Sunday, February 12, 2012
I think I've mentioned many times in this blog that I'm not a very social person. I highly value my alone time, and I'm not much of a party person. In fact, if I show up at one of your parties, it's a sure sign that I like you very much. The only parties I ever find immensely enjoyable are ones where I know people really well and with people with whom I have a long-standing and close relationship. I also find that if it's a nice manageable number of people (maybe 6-8), I have a better time. Larger groups of people tend to overwhelm me, and I find the noise immensely draining.
Attending parties is one thing. I usually make an appearance, stay about a half hour or so (depending on how fun the party is for me), and leave. I'm sure people probably view me as a party-pooper. I don't mean to be. I just find parties and large crowds overwhelming, especially if the majority of people attending are strangers to me. I'm not particularly good with small talk, I often feel awkward and shy, and I'm very much a wallflower and usually subdue my nervousness with food and drink (non-alcoholic). But at least I can leave when I get too uncomfortable.
Hosting parties is a different matter altogether. I generally do not not host very many parties, and were I not with Jonah, I probably wouldn't host more than one a year. Jonah is more of a social person and one of the reasons he was even interested in getting a larger house was that it would be a welcoming place for large groups of people and for hosting social events.
I find hosting parties quite a chore. First of all, there's all the cleaning and preparing and decorating and cooking, none of which I particularly enjoy. Then as a host, I always feel like I have to be "on." I feel like I have to be entertaining and sociable and make sure everything is being taken care of (food being refilled, garbage being thrown away, dishes being clean, etc.). Since I am not naturally a very social person, I find this quite challenging.
Secondly, I feel like I can't "turn off" until the last person leaves the house, and if the party happens to be long, that's a long time for me, personally, to be "on". It's very emotionally draining for me.
Yesterday Jonah's niece's husband had a birthday, and we had agreed to host it.
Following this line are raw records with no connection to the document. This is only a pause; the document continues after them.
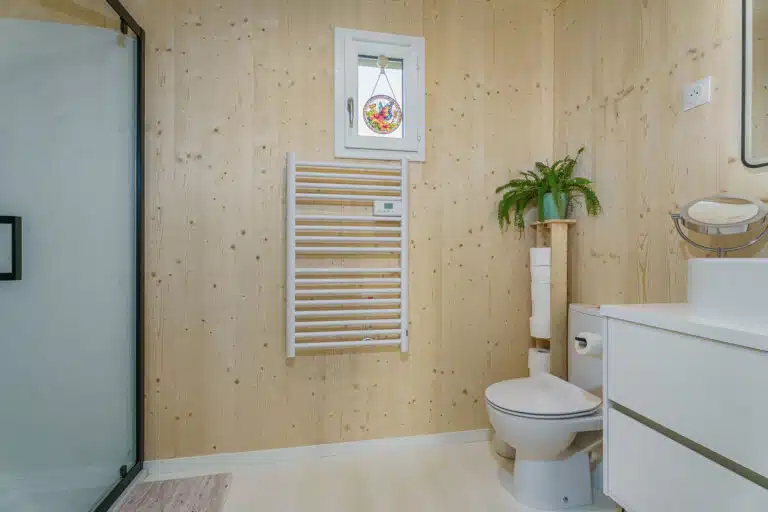 salle de bain maison modulaire 50m² – parois bois CLT, meuble vasque suspendu blanc, plantes vertes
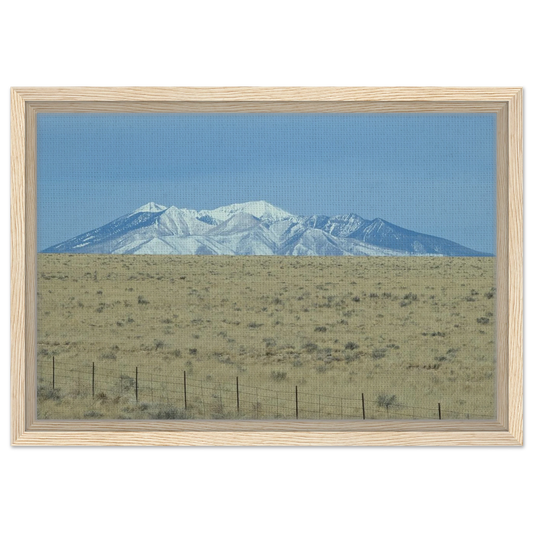 Snow-capped San Francisco Peaks rising above open Arizona plains as premium mountain wall art.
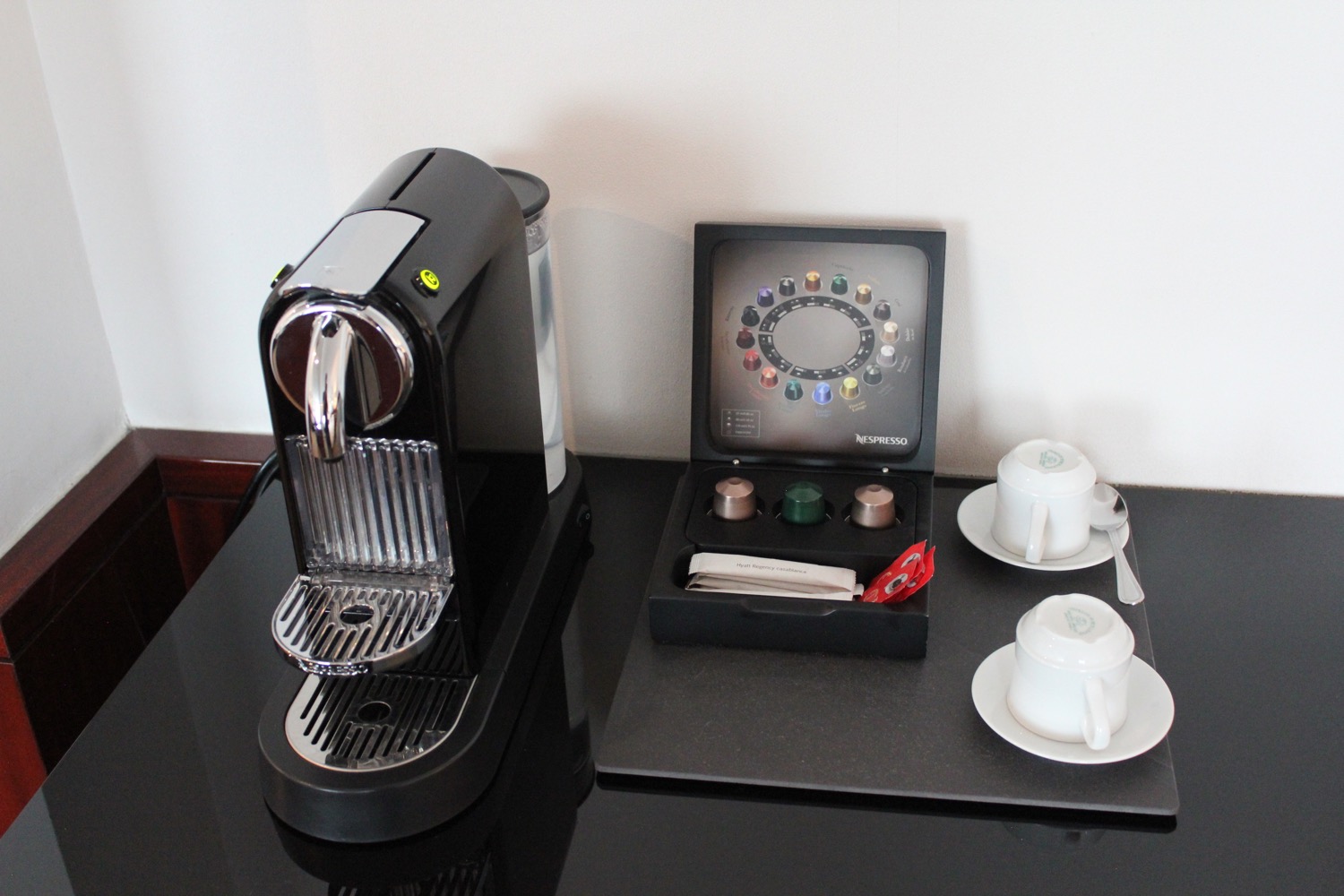 a coffee machine and tea cups on a table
Well, Jonah agreed to host it, and I conceded. (lol) Anyway, I had known about the event for a while and had been gearing up for it. Jonah also wanted to use the event as a way for me to get to know his family members better. While it's still kind of "don't ask, don't tell" with his family, it's pretty clear that everyone pretty much knows about our relationship, and so it's important that we all continue to cultivate a relationship.
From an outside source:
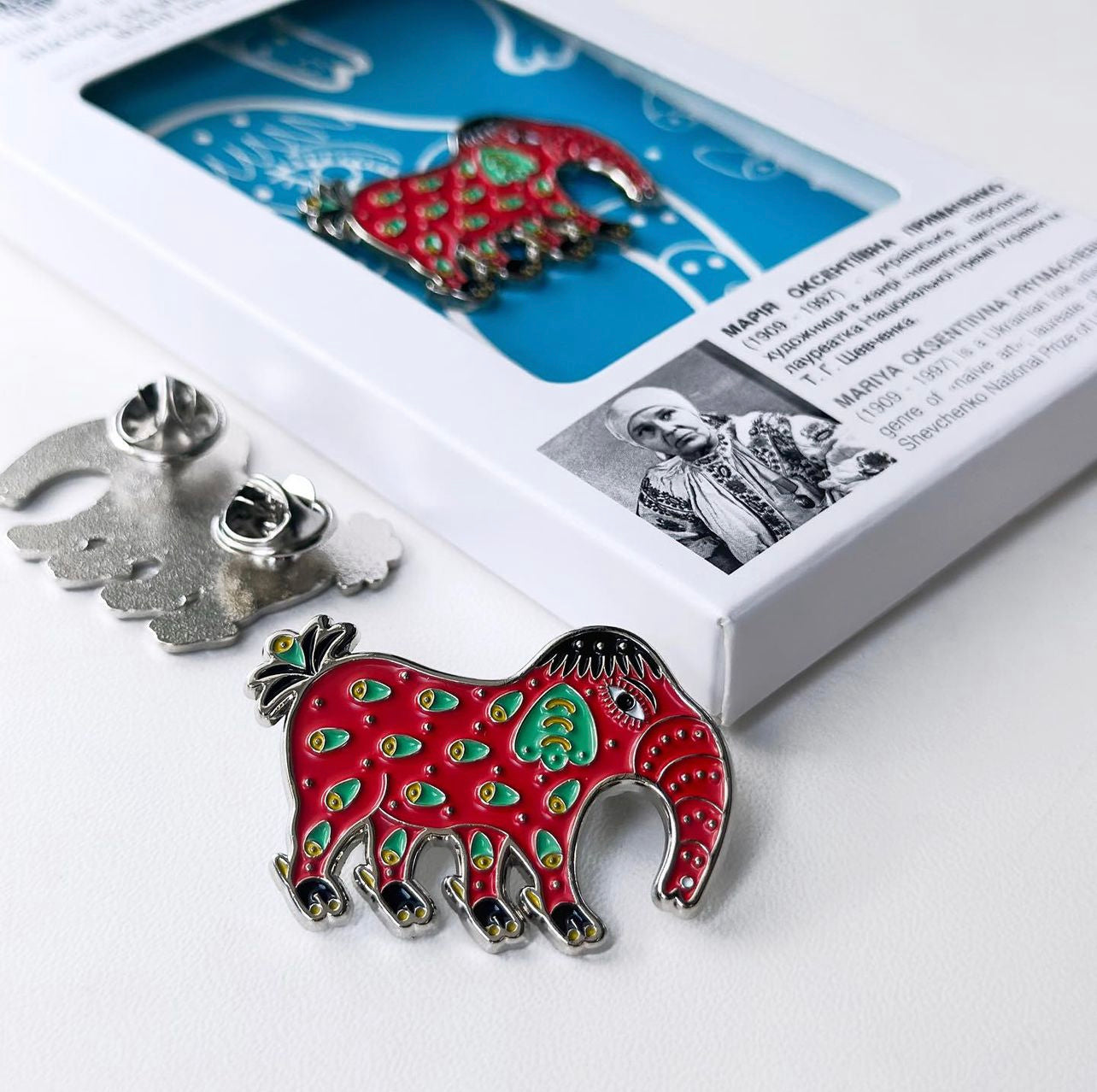 Metal badge "The elephant wanted to become a sailor" from Yellow_Blue_UA based on the paintings of Maria Prymachenko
To their credit, everyone in Jonah's family has been very kind to me and have treated me like family, and I appreciate that greatly. I picked up Jonah's parents and we had a very nice conversation on the way to our house.
To my great relief, we didn't have as many attendees as we had prepared for, and about half of the attendees were people I feel relatively comfortable with, so I didn't feel as awkward and uncomfortable as I might have.
Jonah's mom is kind of a "take-charge" gal and is accustomed to getting things prepared and ready on her own, so I didn't have as much responsibility, so that was nice, too. Jonah's mom (Jonah is Hispanic, you may recall) would call me "mijo," which is a term of endearment like "dear," but is actually created by the words "mi" and "hijo" meaning "my son," so that really makes me feel like a part of the family.
I mostly chatted with Jonah's sister and her boyfriend, with whom I've become closer with, and that was nice. Jonah's other sister and I talked, too, and she asked me how long Jonah and I had been together, and I said "six years," and she said when she would see a picture of me, she would say, "That's my brother-in-law," but that she hadn't ever talked openly about Jonah and me with any of her family members. Be she said she liked all of her brothers-in-law, including me. It was a nice conversation, and I felt she was honestly trying to make a connection with me.
There were some games and stuff, too, which I mostly watched, but it was fun to watch. Jonah had to leave just as the party was getting started because he had to work, so I had to take over hosting duties, which wasn't preferred, but was necessary.
I really sincerely appreciated the opportunity to get to know Jonah's family better and to develop a relationship with them, and the party was enjoyable, but I'd be lying if I didn't say I was happy when it ended. Jonah's mom and dad were the last to leave. They caught a ride back to their home with Jonah's sister and her boyfriend, so I was left alone, and it's such a relief for me when the last of a big group of people have left the house.
I was so emotionally exhausted, and I was so thankful for the silence that permeated the house. I enjoyed the party more than I thought I would and I enjoyed getting to spend time with Jonah's family, but was grateful that I could go quietly to bed until Jonah came home from work.